Con estos acumulados, por un largo periodo las clases populares podrían acumular múltiples ámbitos de poder para pasar a la ofensiva con posibilidades de una superación socialista del capitalismo. La acumulación territorial de poderes alternativos aparece como una opción inevitable. Este largo periodo de acumulación deberá desembocar periódicamente en desafíos autonómicos al capital y al Estado, y eventualmente en una situación material de doble poder. En tal contexto se presentarán levantamientos territoriales de diverso alcance para responder a los intentos estatales de reprimir estas experiencias, pero ya no serán para conquistar el poder, sino para defenderlo y consolidar su legitimidad. Las oligarquías escogerán si estas experiencias democráticas se consolidan con el respeto y reconocimiento legal, o si abre la compuerta a un nuevo ciclo de violencia política.

 

 

 

[1]      El Partido Socialista de los Trabajadores PST, de raíz trotskista, estando por la terminación del conflicto armado, considera que la solución no es la negociación con el gobierno -a la que consideran una política conciliadora- sino la declaración unilateral e indefinida de cese al fuego, la reserva armada para defenderse de la violencia oficial y la movilización para exigir garantías.

 

[2]      Es la posición del Movimiento Obrero Revolucionario Independiente MOIR, que hace parte del Polo Democrático Alternativo, y también del PST.

 

[3]      El nombre completo del punto es “Acuerdo sobre garantías de seguridad y lucha contra las organizaciones criminales responsables de homicidios y masacres o que atentan contra defensores/as de derechos humanos, movimientos sociales o movimientos políticos, incluyendo las organizaciones criminales que hayan sido denominadas como sucesoras del paramilitarismo y sus redes de apoyo, y la persecución de las conductas criminales que amenacen la implementación de los acuerdos y la construcción de la paz”.

 

[4]      Entre estas medidas, se encuentra una Comisión Nacional de Garantías de seguridad -con presencia estatal y del movimiento social- que hará seguimiento a la política pública para la persecución del paramilitarismo, donde se destaca la posibilidad de recomendar reformas para impedir que el Estado proteja esas estructuras, identificar patrones criminales, hacer control de las empresas de seguridad privada y diseñar el posible sometimiento a la justicia; una Unidad de Investigación en la Fiscalía y Policía judicial para perseguir penalmente y desmantelar el paramilitarismo y sus vínculos con el Estado; un Sistema de protección para el ejercicio de la política en cabeza de una instancia de alto nivel gubernamental y un conjunto de medidas para impedir que personas vinculadas con el paramilitarismo y la corrupción accedan a cargos públicos.

 

[5]      Esto a pesar de las luchas por el agua y por la defensa de lo público que se dan en algunas grandes ciudades del país, que avizoran una reactivación de programa y movilizaciones, pero aún no se configura como una dinámica determinante.

 

[6]      El acuerdo procedimental de las negociaciones se rigen por el principio de que “nada está acordado hasta que todo está acordado”, así que para efectos prácticos no avanzado en La Habana es puramente hipotético.

 

[7]      Las zonas de reserva campesina son una figura jurídica legal que protege a los campesinos del mercado de tierras capitalista (que en Colombia ha sido agresivo y no pocas veces criminal), limita el tamaño de la propiedad rural de forma que bloquea la expansión del latifundio y permite parcialmente un ordenamiento territorial y de uso del suelo por parte de las propias comunidades campesinas. 

 

[8]      El blindaje ya quedó pre-acordado en La Habana, a través de un procedimiento especial que elevaría a rango constitucional los compromisos adquiridos.

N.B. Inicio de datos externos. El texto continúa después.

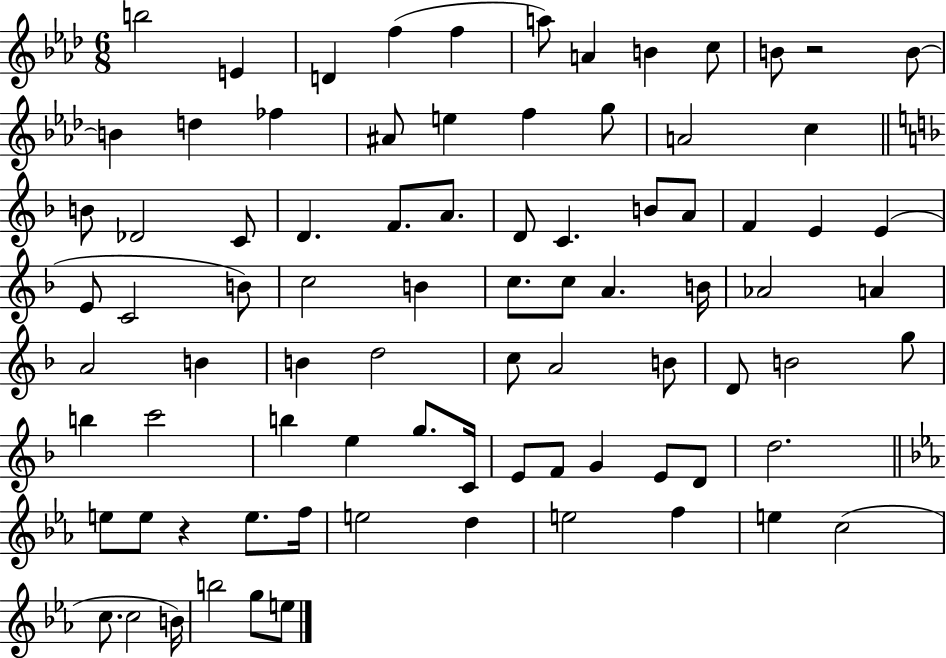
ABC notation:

X:1
T:Untitled
M:6/8
L:1/4
K:Ab
b2 E D f f a/2 A B c/2 B/2 z2 B/2 B d _f ^A/2 e f g/2 A2 c B/2 _D2 C/2 D F/2 A/2 D/2 C B/2 A/2 F E E E/2 C2 B/2 c2 B c/2 c/2 A B/4 _A2 A A2 B B d2 c/2 A2 B/2 D/2 B2 g/2 b c'2 b e g/2 C/4 E/2 F/2 G E/2 D/2 d2 e/2 e/2 z e/2 f/4 e2 d e2 f e c2 c/2 c2 B/4 b2 g/2 e/2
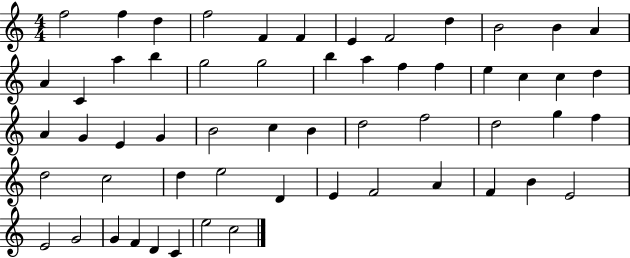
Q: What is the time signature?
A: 4/4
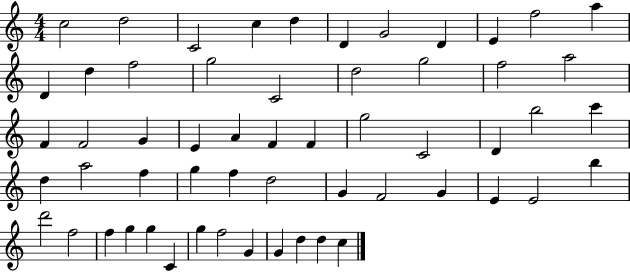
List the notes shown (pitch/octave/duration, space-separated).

C5/h D5/h C4/h C5/q D5/q D4/q G4/h D4/q E4/q F5/h A5/q D4/q D5/q F5/h G5/h C4/h D5/h G5/h F5/h A5/h F4/q F4/h G4/q E4/q A4/q F4/q F4/q G5/h C4/h D4/q B5/h C6/q D5/q A5/h F5/q G5/q F5/q D5/h G4/q F4/h G4/q E4/q E4/h B5/q D6/h F5/h F5/q G5/q G5/q C4/q G5/q F5/h G4/q G4/q D5/q D5/q C5/q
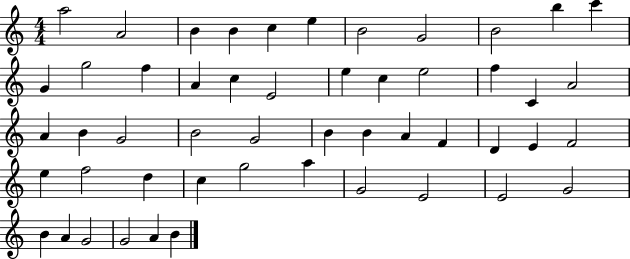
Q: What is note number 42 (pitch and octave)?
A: G4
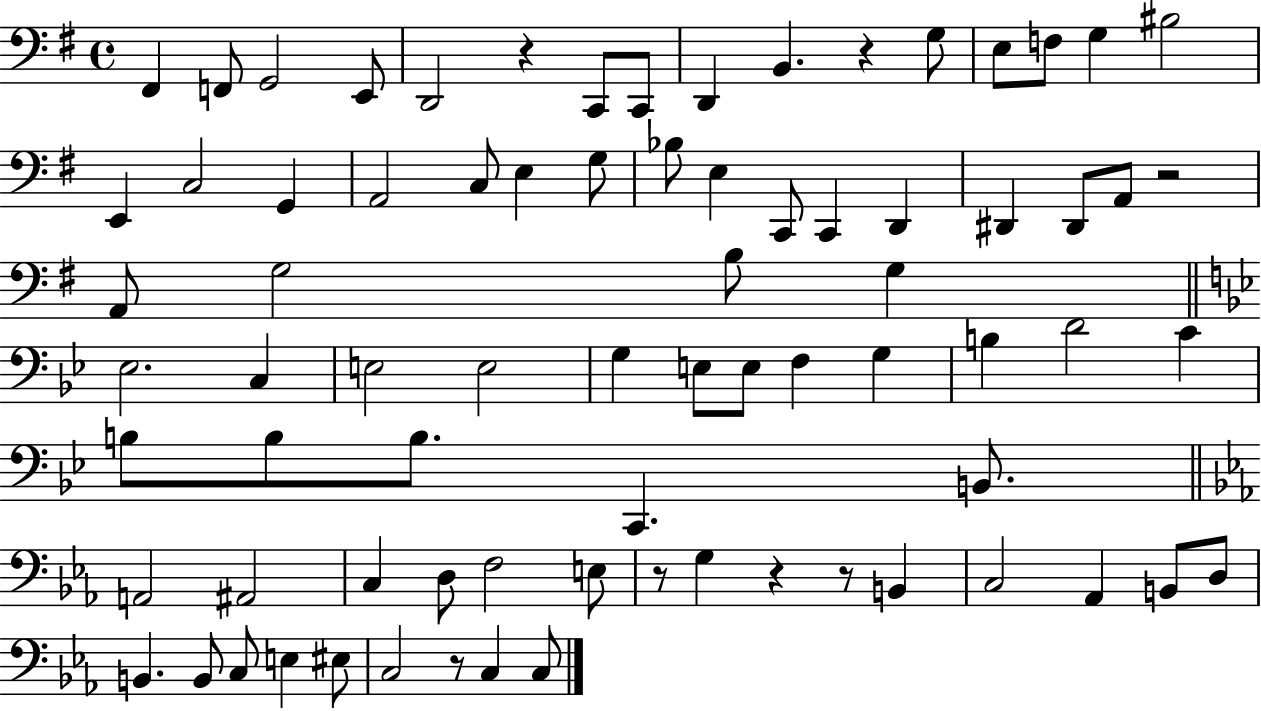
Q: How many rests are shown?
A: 7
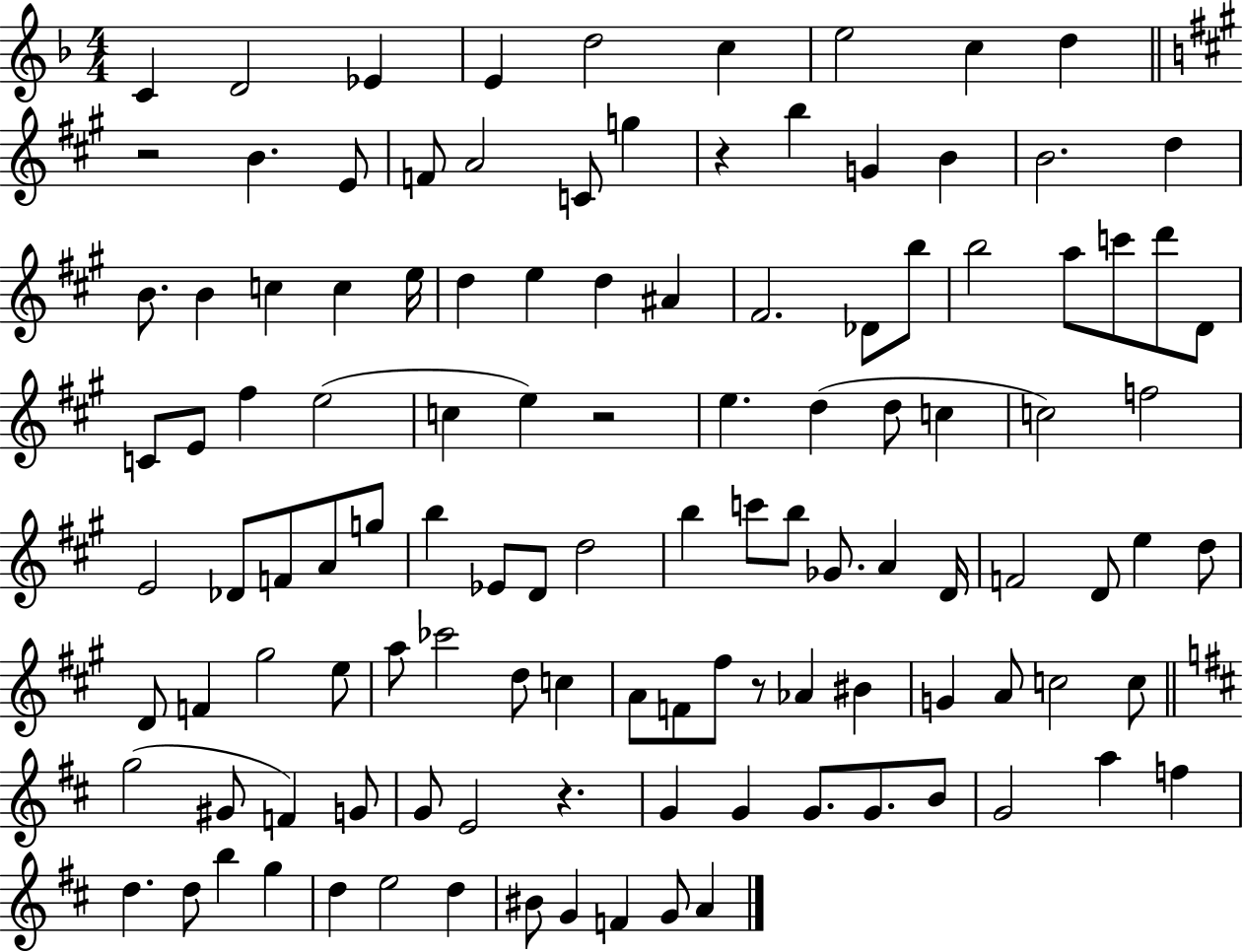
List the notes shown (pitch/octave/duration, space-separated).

C4/q D4/h Eb4/q E4/q D5/h C5/q E5/h C5/q D5/q R/h B4/q. E4/e F4/e A4/h C4/e G5/q R/q B5/q G4/q B4/q B4/h. D5/q B4/e. B4/q C5/q C5/q E5/s D5/q E5/q D5/q A#4/q F#4/h. Db4/e B5/e B5/h A5/e C6/e D6/e D4/e C4/e E4/e F#5/q E5/h C5/q E5/q R/h E5/q. D5/q D5/e C5/q C5/h F5/h E4/h Db4/e F4/e A4/e G5/e B5/q Eb4/e D4/e D5/h B5/q C6/e B5/e Gb4/e. A4/q D4/s F4/h D4/e E5/q D5/e D4/e F4/q G#5/h E5/e A5/e CES6/h D5/e C5/q A4/e F4/e F#5/e R/e Ab4/q BIS4/q G4/q A4/e C5/h C5/e G5/h G#4/e F4/q G4/e G4/e E4/h R/q. G4/q G4/q G4/e. G4/e. B4/e G4/h A5/q F5/q D5/q. D5/e B5/q G5/q D5/q E5/h D5/q BIS4/e G4/q F4/q G4/e A4/q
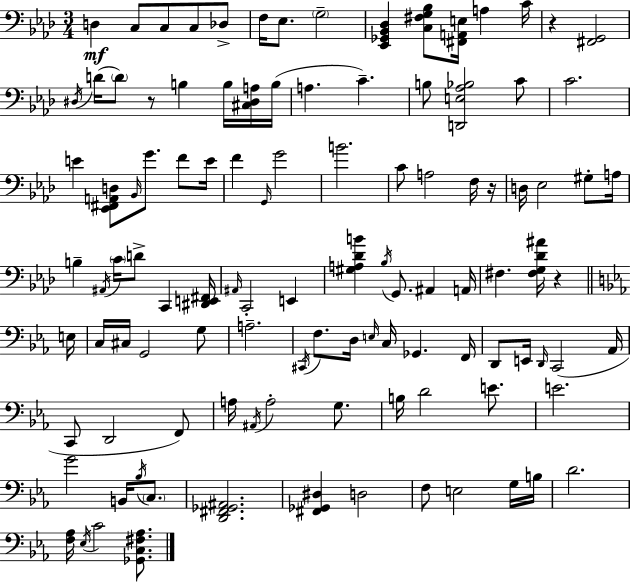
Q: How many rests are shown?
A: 4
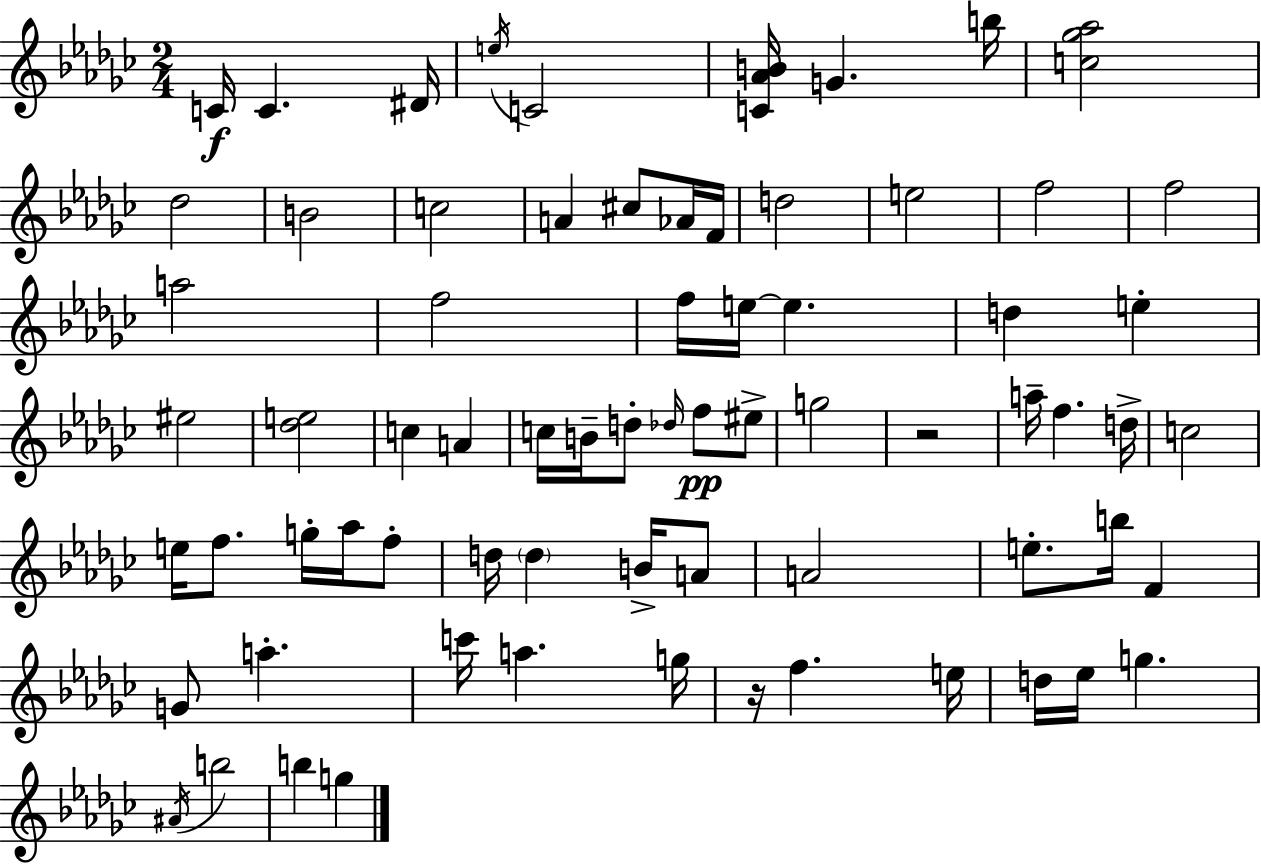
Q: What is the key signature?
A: EES minor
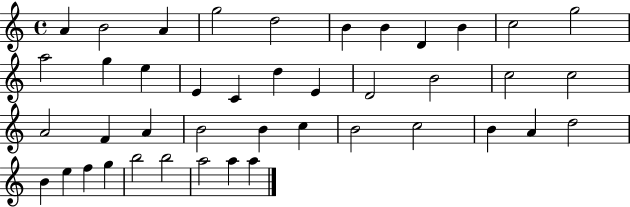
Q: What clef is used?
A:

Las FARC no abandonan la propuesta de la Asamblea Constituyente, que ciertamente ya no está en la mesa como un imperativo, pero en su lugar la mantiene como posible en un horizonte de mediado plazo.

 

[9]      Cfr. De Currea Lugo, Ed. (2015). Y sin embargo se mueve. Ediciones Antropos, Bogotá.

 

[10]    Las entidades territoriales en Colombia (municipios y departamentos) son divisiones politico-admnistrativas que no corresponden con las dinámicas socio-culturales y económicas de las comunidades, y en muchos casos fueron establecidos por intereses de élites latifundistas o empresariales (algunas minero-energéticas); la demanda de las organizaciones populares es que estas entidades se adecúen a las realidades sociales, lo que incluye cambiar la delimitación de algunos departamentos y municipios, el reconocimiento de territorios indígenas y afros y la incorporación de la figura de territorios campesinos; se trata de conformar entidades autónomas que le quiten la hegemonía política a las mafias electorales y clientelistas muy ligadas al paramilitarismo y el narcotráfico. Los impulsores de estas reformas esperan que al modificarse el orden territorial del país se cambiarán las circunscripciones electorales municipales y departamentales, abriendo posibilidades de éxitos electorales a movimientos alternativos, en la actualidad bloqueados.

 

[11]    Cfr. Houghton (2015) “Construir poder popular: el Congreso de los Pueblos”, En: ¿Cómo transformar? Instituciones y cambio social en América Latina y Europa. Fundación Rosa Luxemburg / Ediciones Abya Yala, y Houghton (2015), “Dos claves indígenas para la terminación de la guerra”, En: De Currea Lugo, Ed. (2015) Y sin embargo se mueve. Ediciones Antropos, Bogotá.

 

[12]    La crisis del PDA ha tenido varios momentos. Inició cuando sectores de centro-izquierda salieron por diferencias sobre el tratamiento dado por ese partido a situaciones de corrupción en el gobierno local de Bogotá; luego fue expulsado el Partido Comunista acusado de estar impulsando otra coalición política, lo que produjo la marginación de otros sectores socialistas; y posteriormente se agudizó la crisis por la decisión de un sector de apoyar la candidatura de Juan Manuel Santos frente a la del ultraderechista Óscar Iván Zuluaga amparados en la tesis de impedir el regreso del uribismo, la cual se profundizó con el paso de la presidenta del partido al ministerio del Trabajo del gobierno de Santos.

 

[13]    Con esta denominación nos referimos comúnmente en Colombia a estas dos confluencias de organizaciones sociales, agrupaciones civiles, partidos políticos, pueblos indígenas y afros, comunidades campesinas y barriales. Son ellas las que han venido expresando y dirigiendo las luchas sociales de masas; se diferencian de las figuras puramente gremiales en que no se limitan a la reivindicación de derechos sino que tienen propuestas de transformación antisistémica en el marco de construcción de nuevas institucionalidades, nuevos poderes locales.